Risarcimento del danno da incapacità lavorativa specifica: il danneggiato disoccupato

Con l’ordinanza n. 4289 del 12 gennaio 2024 (pubblicata il 16 febbraio 2024) la Terza Sezione Civile della Suprema Corte di Cassazione, ha chiarito che, in applicazione della previsione di cui all’art. 1223, c.c., la necessità che il danno da perdita della capacità lavorativa specifica sia liquidato ponendo a base del calcolo il reddito che la vittima avrebbe potuto conseguire proseguendo nell’attività lavorativa andata perduta a causa dell’illecito o dell’inadempimento, sussiste anche nell’ipotesi in cui la vittima versi in stato di disoccupazione, ove si tratti di disoccupazione involontaria e incolpevole, nonché temporanea e contingente, sussistendo la ragionevole certezza o la positiva dimostrazione che il danneggiato, qualora fosse rimasto sano, avrebbe stipulato un nuovo rapporto di lavoro avente ad oggetto la medesima attività lavorativa o comunque una attività confacente al proprio profilo professionale.  

 

Indice

 

Il caso

Il Tribunale di Busto Arsizio, con sentenza 28 marzo 2018, n. 607, aveva condannato un’Azienda Sanitaria, in solido con il dottore di riferimento, a risarcire un paziente per i danni subiti a seguito della imprudente ed imperita esecuzione di un intervento chirurgico.

Il Giudice di prime cure, in accoglimento parziale della domanda, liquidava il danno non patrimoniale in favore del paziente, tuttavia rigettando il capo relativo al danno patrimoniale da perdita della capacità lavorativa specifica, formulato sul presupposto che il danneggiato – di anni 32 al tempo dell’intervento chirurgico – non avrebbe potuto continuare a svolgere l’attività lavorativa di autotrasportatore che aveva sempre esercitato.
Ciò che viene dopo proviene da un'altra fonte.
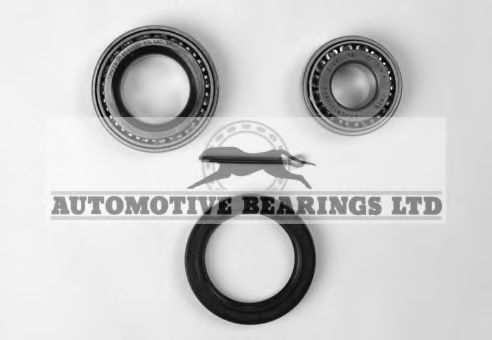 ABK165 AUTOMOTIVE+BEARINGS Wheel Suspension Wheel Bearing Kit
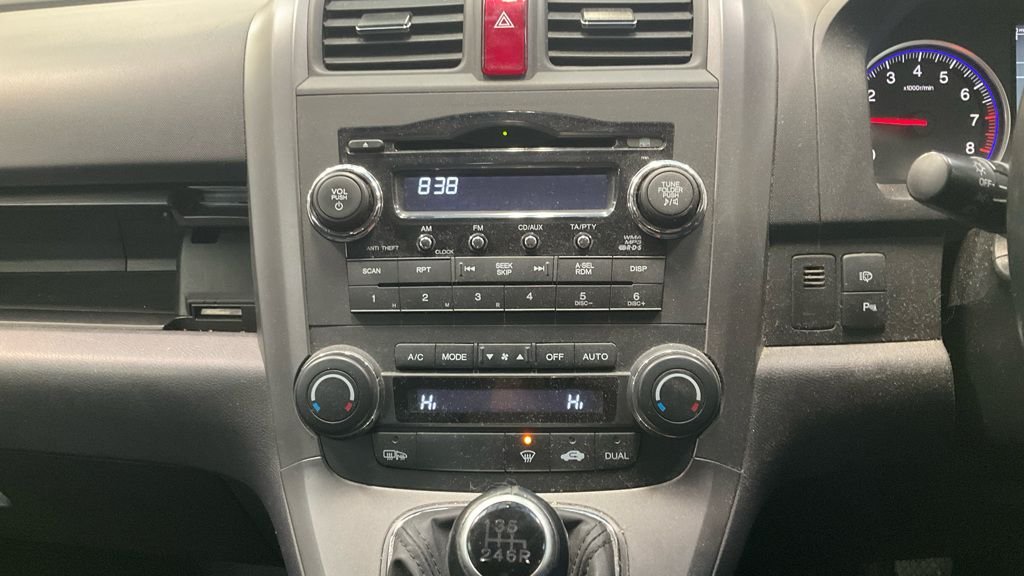 Used Honda CR-V 2008 for sale - 77422336: Photo 9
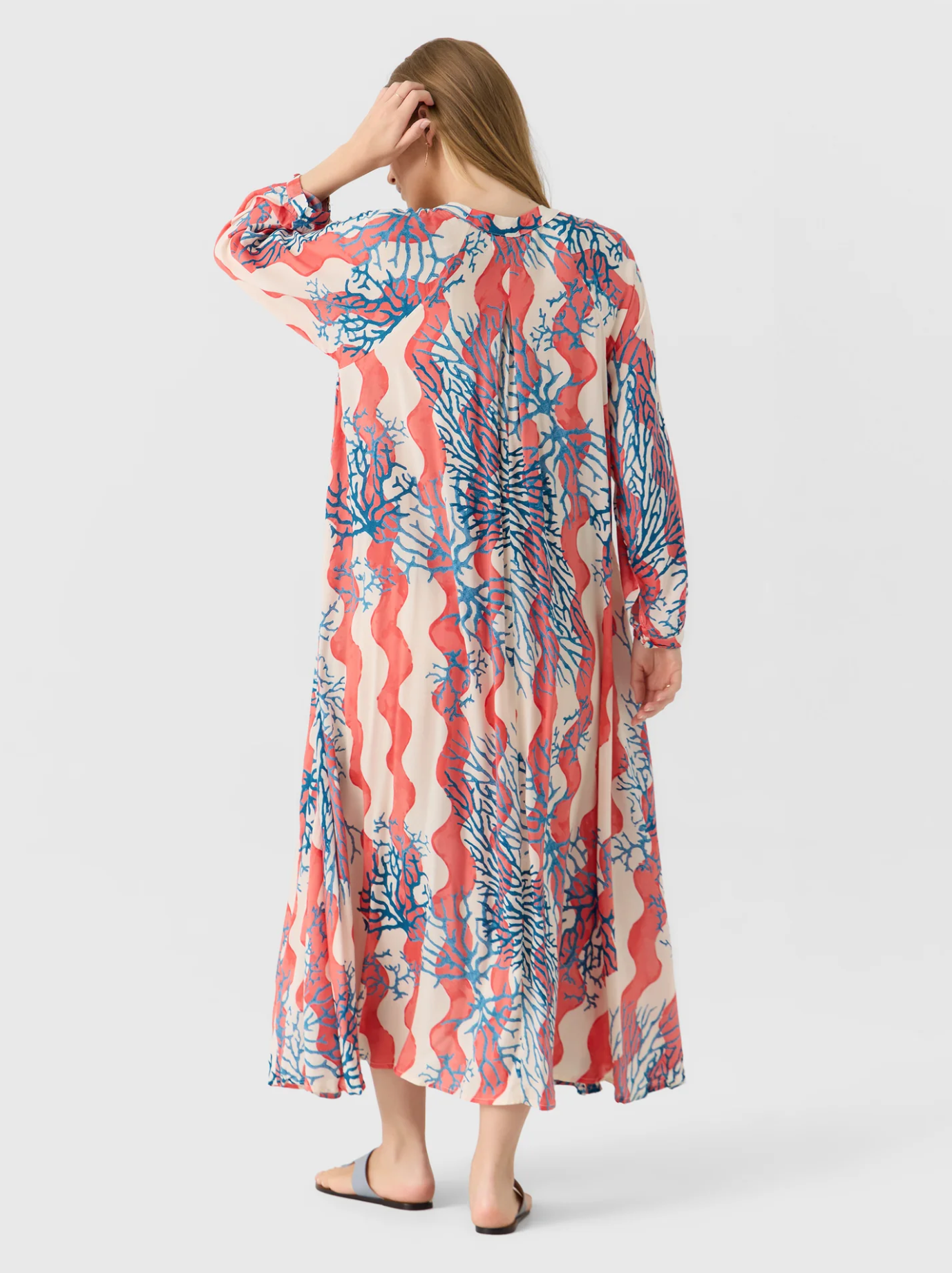 FIORE MAXI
In secondo grado, la Corte d’Appello di Milano, adita dall’Azienda Sanitaria e dal professionista, rigettava la domanda ed accoglieva il ricorso incidentale del danneggiato, riconoscendo allo stesso il danno patrimoniale da perdita di capacità lavorativa, in via equitativa.

La controversia giungeva, dunque, alla Suprema Corte di Cassazione, sulla scorta del ricorso presentato dal danneggiato basato su tre motivi.

 

L’ordinanza n. 4289 del 16 febbraio 2024

Con il primo motivo di ricorso, il danneggiato lamentava l’omessa pronuncia sulla domanda di risarcimento del danno patrimoniale da mancato guadagno (comprensivo sia dell’omessa retribuzione che dell’omessa contribuzione previdenziale) per perdita della capacità lavorativa specifica; altresì in via laterntiva, il ricorrente, censurava il vizio motivazionale costituzionalmente rilevante assumendo l’illogicità e la contraddittorietà della statuizione nella parte in cui, da un lato, accertava l’esistenza dei presupposti per la liquidazione del danno di cui sopra, dall’altro, tuttavia, negava il risarcimento.

Con il secondo motivo di ricorso, invece, il danneggiato deduceva la violazione del principio dell’integralità del risarcimento, postulato dall’art. 1223, c.c. e la violazione dei criteri di liquidazione del danno da mancato guadagno.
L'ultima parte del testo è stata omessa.